La amenaza se siente en las calles de casi todo el mundo.
Lo que antes era un experimento en vías aisladas, hoy es una tecnología que avanza por las avenidas de grandes ciudades como Seúl, París y Abu Dabi.
Para quienes viven de conducir, la competencia empieza a volverse desigual, pero, ¿hasta dónde llega esta alerta que tiene preocupados a muchos?
Cómo los conductores dejaron de ser protagonistas
El avance de la conducción autónoma no es una casualidad del destino, sino un plan fríamente calculado por las potencias mundiales. Los gobiernos ya no ven estos vehículos como un experimento curioso; ahora los tratan como la pieza clave del futuro.
Para que te hagas una idea de cómo avanzan las cosas, en Europa ya se están coordinando esfuerzos para obtener aprobaciones regulatorias que permitan despliegues a gran escala.
En Asia, ciudades enteras se están adaptando con carriles inteligentes y normativas de seguridad diseñadas específicamente para máquinas.
Pero detrás de todo esto se esconde una realidad bastante dura, pues para las empresas y los gobiernos, estos vehículos serán mucho más económicos que cualquier persona.
Poco a poco, estos sistemas podrían ir desplazando progresivamente a los taxistas en las ciudades más importantes, reemplazando el esfuerzo humano por algoritmos de alta eficiencia.
Los robotaxis invaden el mundo
Lo que está pasando con los coches autónomos es asombroso y a la vez un poco inquietante por lo rápido que avanza. En este contexto, China ya ha tomado la delantera.
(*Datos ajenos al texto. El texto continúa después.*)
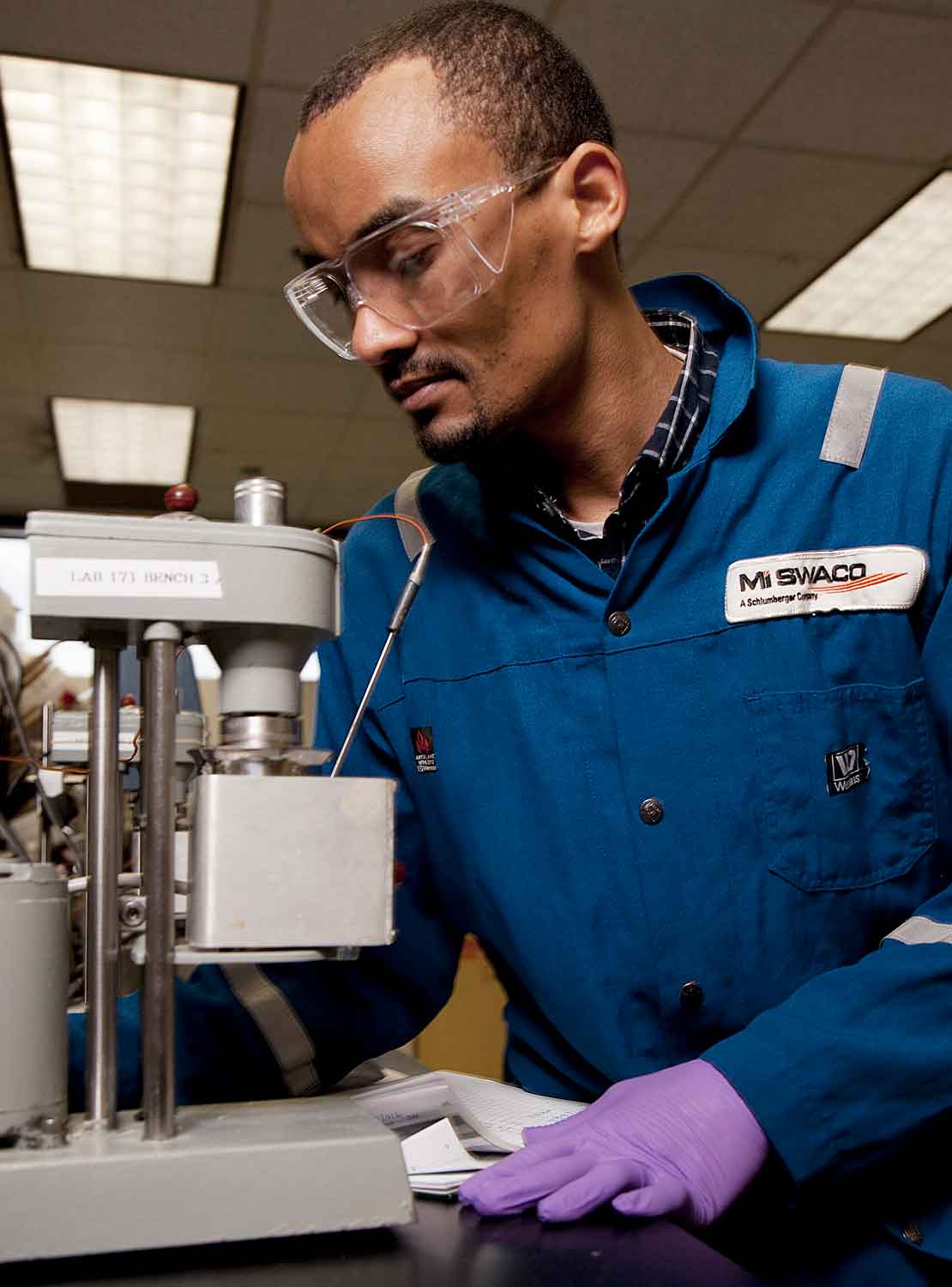 Lab worker testing fluids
La empresa Pony.ai informó que ya cuenta con una flota de 1446 automóviles, con planes de superar las 3000 unidades en más de 20 ciudades de todo el mundo.
Esta tecnología no conoce fronteras y ya se está integrando en plataformas globales como Uber para dominar el transporte bajo demanda.
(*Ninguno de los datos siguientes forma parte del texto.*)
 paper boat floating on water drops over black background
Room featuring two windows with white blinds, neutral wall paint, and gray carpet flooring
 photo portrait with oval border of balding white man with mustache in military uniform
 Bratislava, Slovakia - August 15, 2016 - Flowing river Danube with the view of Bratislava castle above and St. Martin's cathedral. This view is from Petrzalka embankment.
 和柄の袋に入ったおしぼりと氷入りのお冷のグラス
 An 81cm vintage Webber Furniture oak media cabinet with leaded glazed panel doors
No es solo una prueba; es el inicio de un plan para que estos taxis dominen las calles europeas muy pronto. Irónicamente, mientras unos se quejan de las multas, otros se quedarán sin conducir.
En el Medio Oriente, Abu Dabi ya dejó atrás los ensayos y empezó a cobrar por viajes en taxis que se manejan solos, demostrando que sus leyes ya están más que listas para este cambio.
Incluso países como Irán y Croacia han buscado tener sus propios vehículos autónomos para rutas logísticas e industriales, lo que nos demuestra que la «invasión» de los robotaxis en todo el mundo, tarde o temprano será algo inevitable.
El choque inevitable entre la tecnología y el sustento de las familias
Lo que realmente sorprende de todo esto no es el programa de computadora que maneja el auto, sino lo rápido que está borrando del mapa los trabajos de siempre.
En Seúl, por ejemplo, los taxis autónomos que antes eran una novedad gratuita en el distrito de Gangnam, ahora ya cobran sus viajes de forma oficial, aunque esos taxis tampoco son perfectos.
Es una tecnología que nos promete calles más seguras y viajes más baratos, pero también nos invita a la reflexión: ¿qué pasará con los millones de personas que viven de conducir?
Para cualquier chofer en Estados Unidos o Europa, ver un autobús autónomo en París o un taxi robot en Croacia es como ver un reloj en cuenta regresiva para su propia profesión.
Estamos ante una tecnología que busca ofrecer beneficios similares a los de un conductor humano, pero a menor costo. Los robotaxis ya no son un experimento, son una realidad y una amenaza directa para miles de conductores que temen perder su sustento de un día para otro. Lo que antes era solo una escena de película, hoy es un desafío que no conoce fronteras y que ha superado todos los límites.